---------- MATERIAL SHOWN ----------
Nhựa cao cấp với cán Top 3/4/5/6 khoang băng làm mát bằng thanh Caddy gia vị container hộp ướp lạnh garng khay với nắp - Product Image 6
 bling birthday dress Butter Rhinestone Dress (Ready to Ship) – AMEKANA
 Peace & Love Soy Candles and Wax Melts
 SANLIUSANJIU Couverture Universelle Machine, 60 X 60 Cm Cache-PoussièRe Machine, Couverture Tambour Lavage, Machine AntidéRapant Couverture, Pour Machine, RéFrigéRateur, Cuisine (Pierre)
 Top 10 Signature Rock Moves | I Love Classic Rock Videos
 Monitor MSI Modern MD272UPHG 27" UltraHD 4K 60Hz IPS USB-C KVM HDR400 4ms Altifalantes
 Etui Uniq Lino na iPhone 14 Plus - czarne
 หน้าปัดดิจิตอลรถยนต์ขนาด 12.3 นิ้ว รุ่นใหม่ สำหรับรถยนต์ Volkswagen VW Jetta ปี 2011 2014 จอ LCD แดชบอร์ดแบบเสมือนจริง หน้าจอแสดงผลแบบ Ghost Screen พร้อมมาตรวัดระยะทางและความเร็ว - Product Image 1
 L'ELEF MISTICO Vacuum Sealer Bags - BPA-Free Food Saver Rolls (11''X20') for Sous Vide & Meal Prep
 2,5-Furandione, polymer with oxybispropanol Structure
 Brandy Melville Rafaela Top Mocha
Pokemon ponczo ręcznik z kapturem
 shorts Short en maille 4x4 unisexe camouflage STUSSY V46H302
----------
» **WHAT YOU ARE ASKED TO DO**:
The lines to output run from the one containing "Pokemon ponczo ręcznik z kapturem" to the last line of the entries; give them back exactly.

» **TASK OUTPUT**:
Pokemon ponczo ręcznik z kapturem
 shorts Short en maille 4x4 unisexe camouflage STUSSY V46H302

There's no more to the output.